**How to complete this task:**
Repeat the listing below in full and exactly, but without its pictures.

**Data below:**
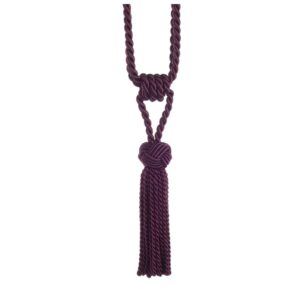 Aubergine purple Swish Kiera Curtain Tieback with twisted rope embrace and tassels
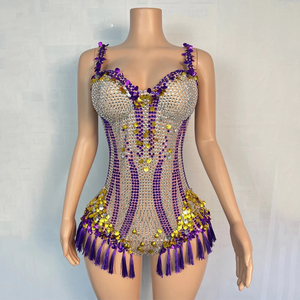 Combinaison de scène Novance sexy avec strass, paillettes et franges, pour chanteuse, danseuse, grande taille, fête, une pièce - Product Image 1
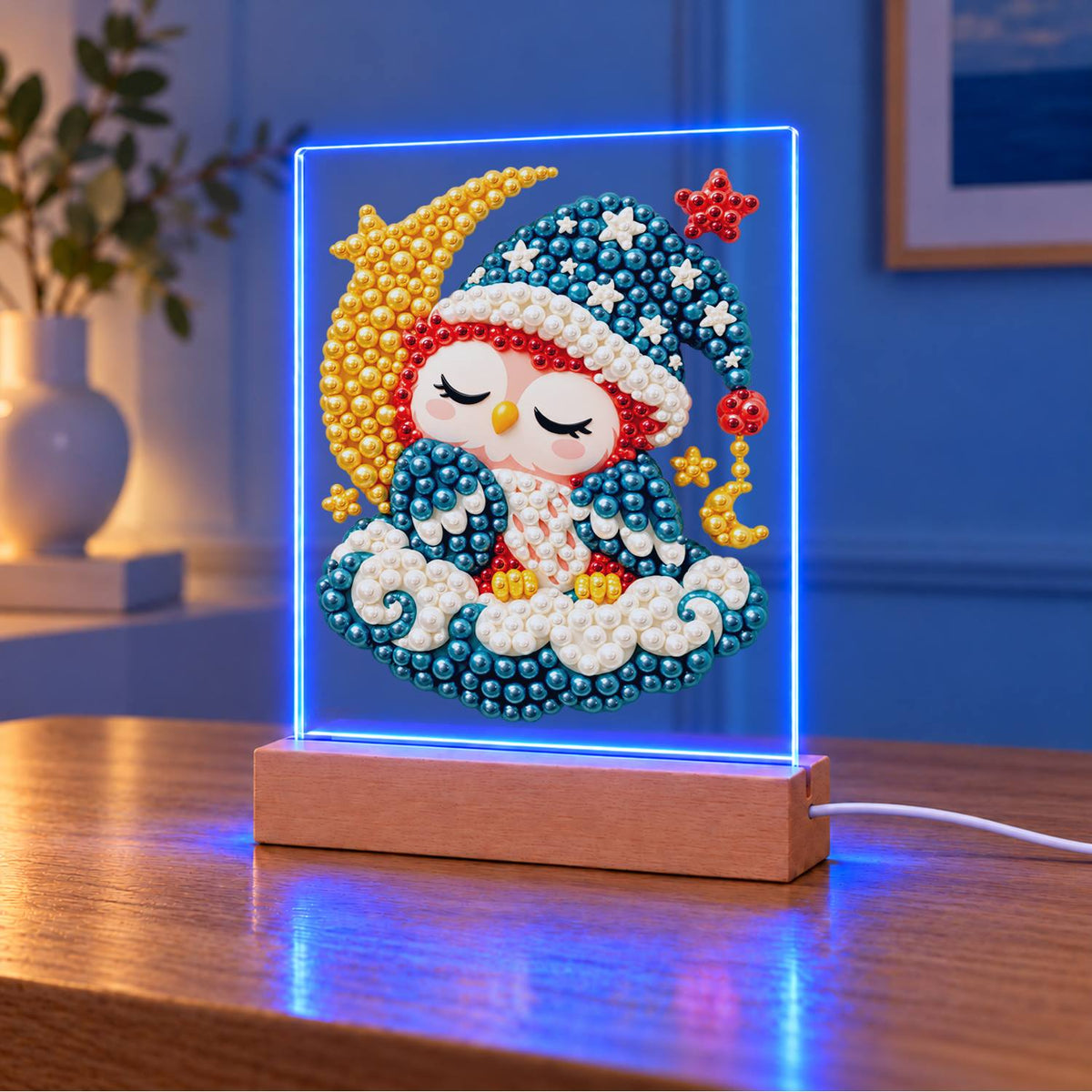 Sleepy Owl by the Crescent Moon (Light-Up Pearl Painting)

**Task answer:**
 Aubergine purple Swish Kiera Curtain Tieback with twisted rope embrace and tassels
 Combinaison de scène Novance sexy avec strass, paillettes et franges, pour chanteuse, danseuse, grande taille, fête, une pièce - Product Image 1
 Sleepy Owl by the Crescent Moon (Light-Up Pearl Painting)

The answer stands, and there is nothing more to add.